We use cookies. Read the Privacy and Cookie Policy

Еще один экзамен

Проходит более двух часов. При очередном подъеме перископа осматриваю горизонт. И вдруг меня словно током ударило — со стороны Хаммерфеста показались корабли противника, идущие шхерным фарватером. Атаковать их невозможно, мы слишком далеко — торпеды не дойдут. Чтобы атаковать, надо разворачиваться, ложиться на обратный курс и догонять. Нет, это нереально. Остается одно: наблюдать, и не только из-за спортивного интереса… Сердце заработало на «повышенных оборотах», сильнее застучало в висках. Есть от чего! Это же редчайший случай: к заграждению, которое мы только что выставили, приближается конвой.

Выходит, наш экипаж сдает экзамен. Вот-вот выяснится, правильно ли мы приготовили мины, нет ли ошибки в определении оси фарватера, точно ли рассчитан боевой курс и минный интервал. Ну как тут не волноваться!

Мы выставили немало мин (считая сегодняшние — 100). Однако какое их воздействие, какой урон они приносят врагу, остается в большинстве случаев неизвестным. А ведь никакая деятельность, никакой труд не приносят радости, если не видны его плоды. Эйнштейн как-то сказал, что самая приятная работа — колка дров, там результат сразу налицо. Можно понять неудовлетворенность подводников, совершающих полные смертельной опасности глубокие рейды в базы противника и не знающих, какова эффективность минных постановок.

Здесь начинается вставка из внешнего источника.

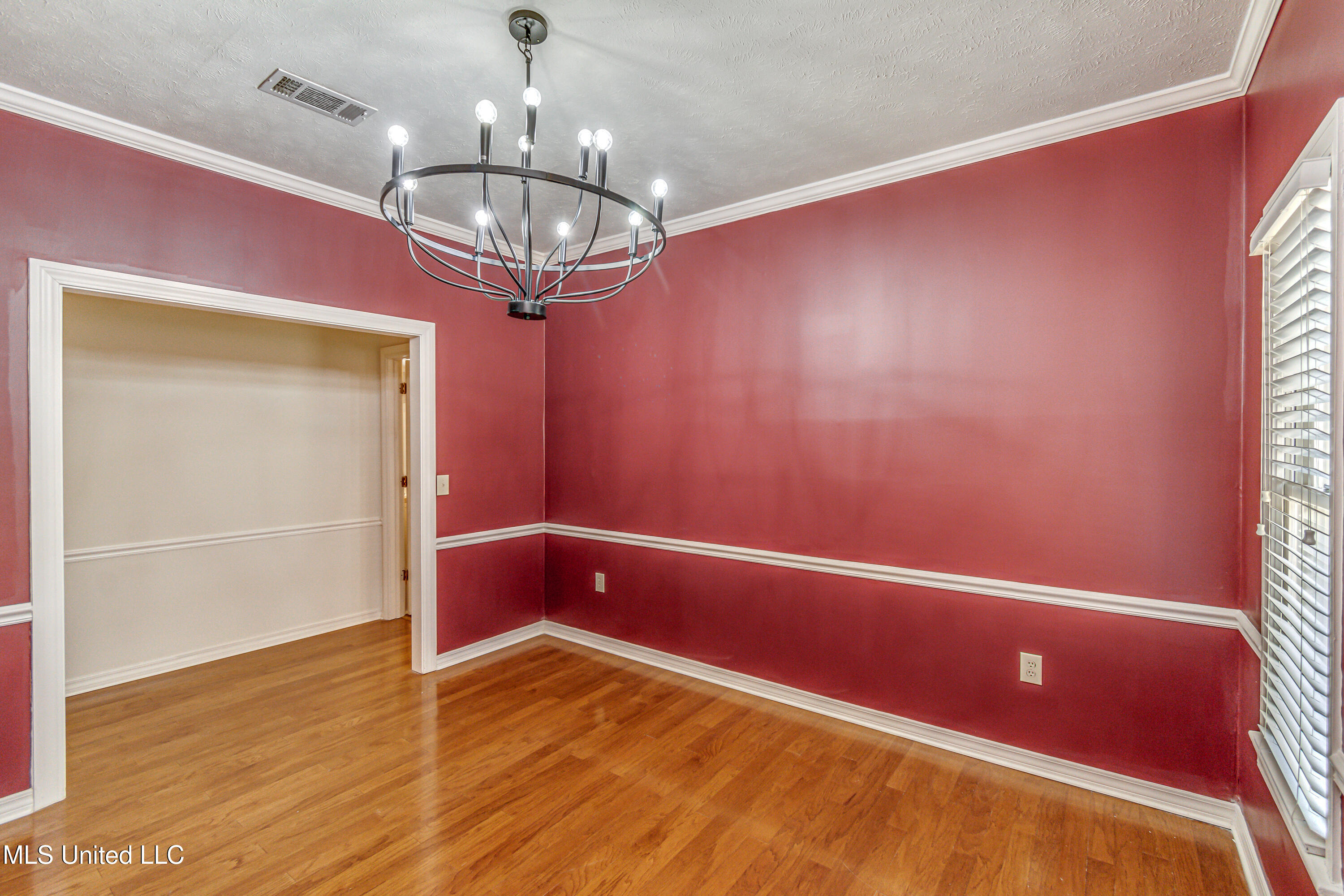 560 Dixton Drive Property Photo 23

Приказываю вахтенному офицеру Новожилову:

— Записать в вахтенный журнал о фашистском конвое, идущем к месту минной постановки, и передать о нем по отсекам.

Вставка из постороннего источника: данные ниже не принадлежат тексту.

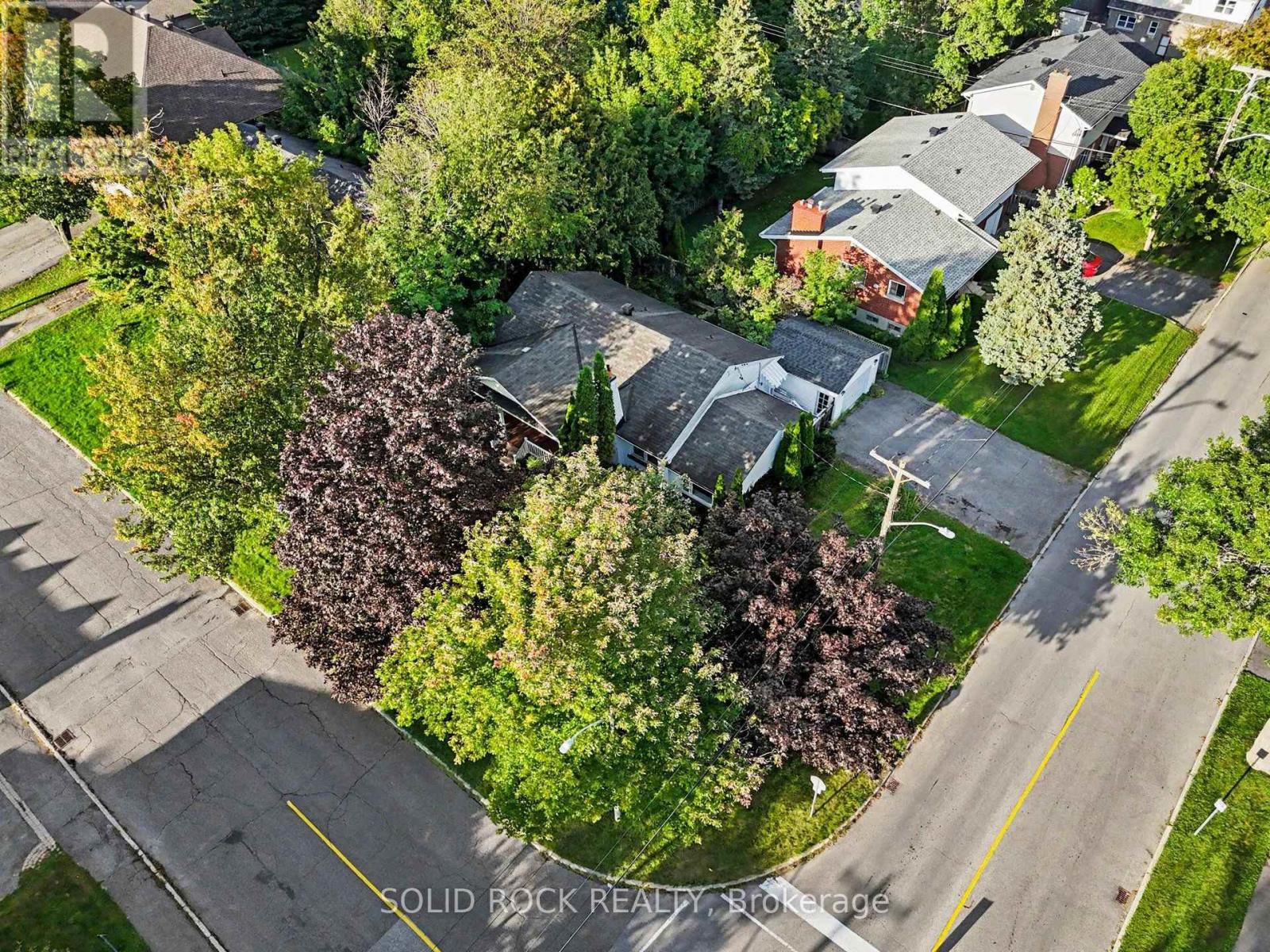 889 MOUNTAINVIEW AVENUE - Image 25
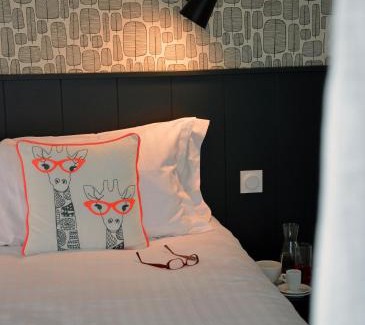 Plobannalec-Lesconil Hotel | Logis Hotel Du Port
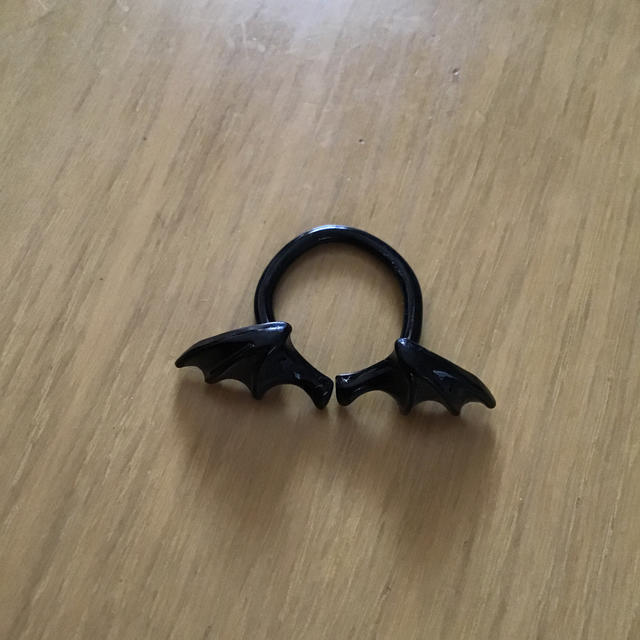 黒の羽のリング レディースのアクセサリー(リング(指輪))の商品写真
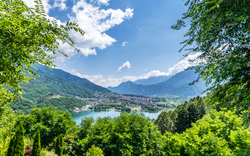 Blick auf den Lago di Levico im Trentino, Italien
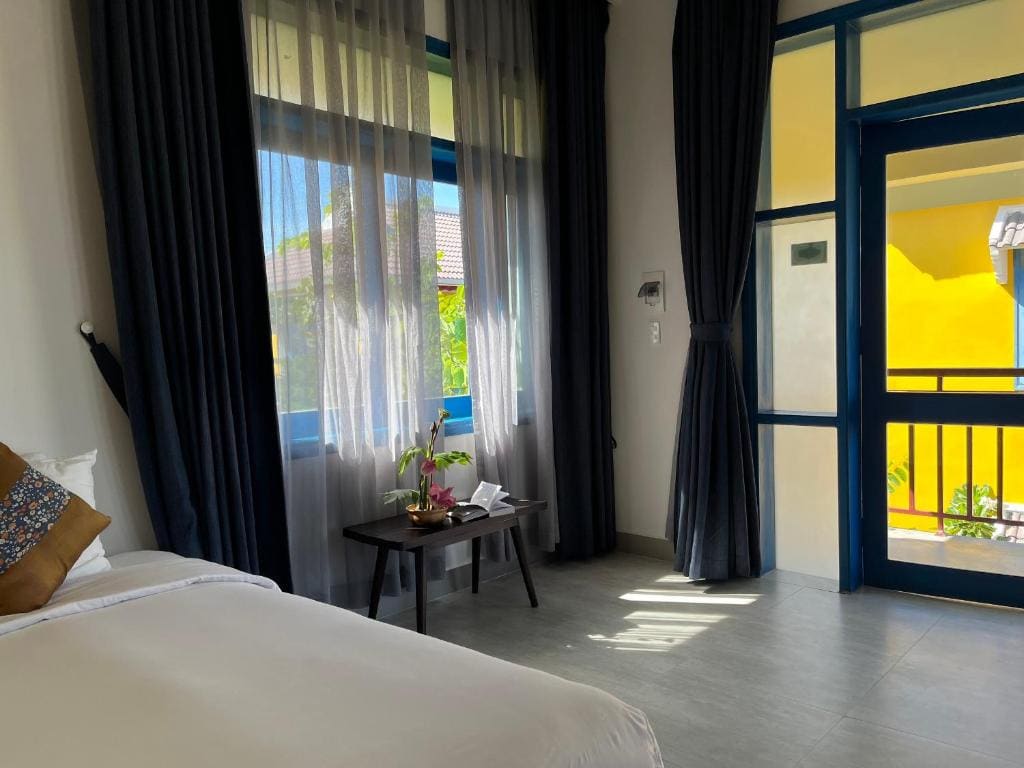 Deluxe Family Suite room - Image 3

Конвой противника шел к заминированному участку. Это означало, что шхерный фарватер нами определен правильно.

Даю посмотреть в перископ Новожилову. Он внимательно наблюдает, затем с волнением докладывает:

— Идущие впереди катера скрываются в проливе…

— И не подорвались?

— А так и должно быть, — гудит басом капитан-лейтенант, — мы ведь ставили углубление в минах с расчетом на осадку глубокосидящих кораблей.

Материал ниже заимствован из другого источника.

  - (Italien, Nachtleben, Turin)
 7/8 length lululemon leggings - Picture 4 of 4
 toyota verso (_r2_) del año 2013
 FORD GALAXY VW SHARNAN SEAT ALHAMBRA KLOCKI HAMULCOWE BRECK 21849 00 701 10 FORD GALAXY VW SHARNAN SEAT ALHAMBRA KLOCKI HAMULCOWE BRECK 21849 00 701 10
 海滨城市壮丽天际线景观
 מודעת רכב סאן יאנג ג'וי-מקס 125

Снова прижимаюсь к окуляру и, затаив дыхание, слежу за развитием событий. Транспорт подходит к минному заграждению все ближе и ближе. Наконец его корпус начинает скрываться за островом. И тут происходит взрыв. Столб вспененной воды взлетает ввысь. По инерции судно еще продвигается вперед, окутывается паром и дымом. Теперь его плохо видно. Эскортные корабли резко отворачивают влево, заслоняя картину трагедии. И все же я успеваю разглядеть, как наклонились мачты подорванного транспорта. В перископ смотрят Герасимов, Редькин, Иванов и Новожилов (дали поглядеть и рулевому Матвеенко). Однако никто не может твердо сказать, что подорвавшийся транспорт затонул.

Дым еще долго не расходится над местом катастрофы, постепенно сливаясь с наступающими сумерками того памятного апрельского вечера.

Мы уже 14 часов находимся под водой. Дышать становится нестерпимо тяжело. Но в отсеках идут оживленные разговоры.

Как мне хочется обрадовать экипаж сообщением о гибели транспорта! Как было бы приятно цифру «7» на рубке лодки увеличить еще на одну единицу. Но я не могу так поступить: судно считается потопленным только в том случае, когда его погружение под воду командир проследил до конца. А я, как говорится, пузырей не видел.

На флагманском командном пункте после моего доклада о боевом походе командующий А. Г. Головко похвалил экипаж за тактический прием в постановке мин и успешное выполнение задания, после чего спросил:

— Вы проследили до конца гибель транспорта?

Я был почти уверен в гибели судна, более того, не сомневался в этом, но также твердо помнил, что должен быть всегда правдивым, и потому, не колеблясь, ответил:

— Нет.

Командующий устало откинулся на спинку кресла, немного подумал и вынес решение:

— Отнесем транспорт к разряду поврежденных. После войны стало известно, что в этом районе погибло несколько кораблей и транспортов противника. Их названий, к сожалению, установить не удалось.